I had read that those who distill might reuse grain several times. SO, I re-sparged the grains from both recipes at 160 degrees for 30minutes, .5ounce of hop pellets, boiled for 45 minutes, added a pound of honey, came up with an OG of 1.050 in two gallons. Thought WTH, I'll see if I come up with anything decent. 

After the original vigorous ferment at 68 degrees, I added two cups of heavy syrup, left over from making syrup for my hives. The gravity now is 1.010 and still bubbling. The flavor is decent, sweet, the body rather stout, and the ABV seems perhaps a bit intense. Could be that intensity is from lots of yeast still in suspension, dunno that much yet...

I put some into a flip top bottle two days ago, when I took a gravity reading, and opened tonight- was a gusher.

We are learning as we go, certainly any observations/comments are welcome


----------



## Ben Brewcat (Oct 27, 2004)

Bottled too early, it's still fermenting. You'll need to don work gloves and "burp" the pressure out of the rest of the bottles or they'll burst. If it was a real gusher, they're close to grenading so put them in the fridge for 24 hours before opening each into a utility sink.

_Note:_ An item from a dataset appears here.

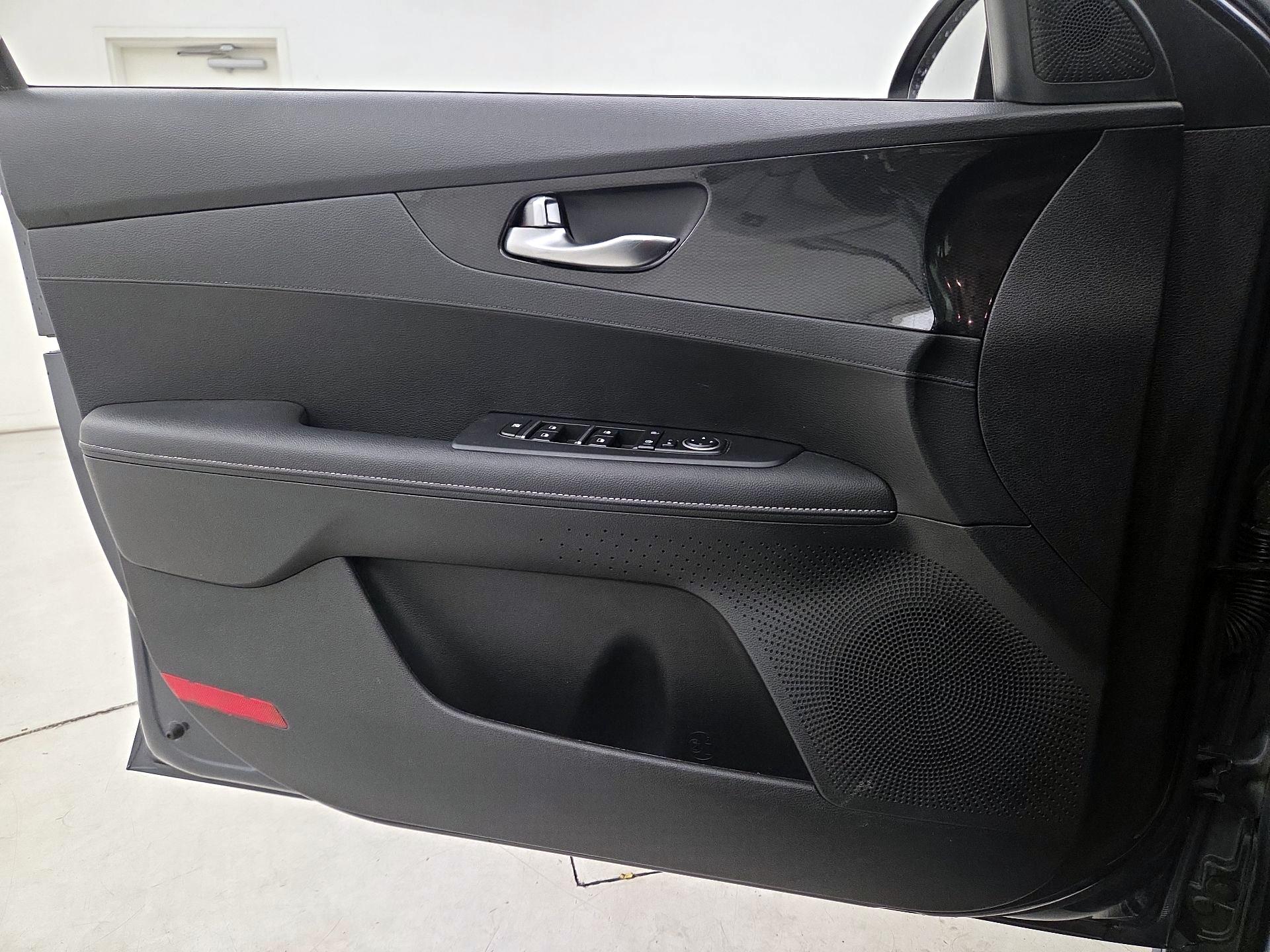 Thumbnail: 2023 Kia Forte - 12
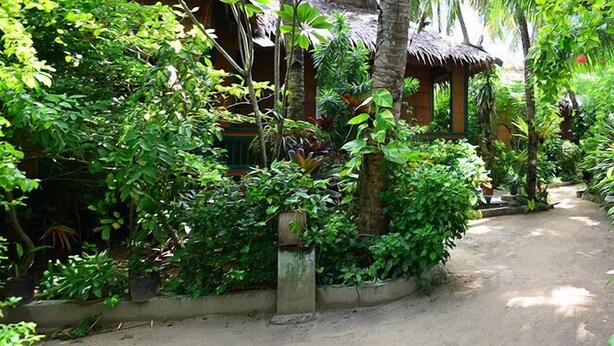 Property grounds - Niu Ohana Garden Resort (Boracay Island)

You likely can't save this batch without pouring it all back into a fermenter and risking the oxidation and contamination; it just isn't safe. Bottle grenades are no joke; wear eye protection the first one, and only take off if it's no worse than a somewhat shook-up beer.

FWIW, your effective OG would be 9 points higher for 16 oz heavy syrup (1 lb sugar at 45 PPG into 5 gallons solution).


----------



## Fl_Beak (May 9, 2010)

point well taken on the grenade issue- 

Also, thanks for the SG data.


----------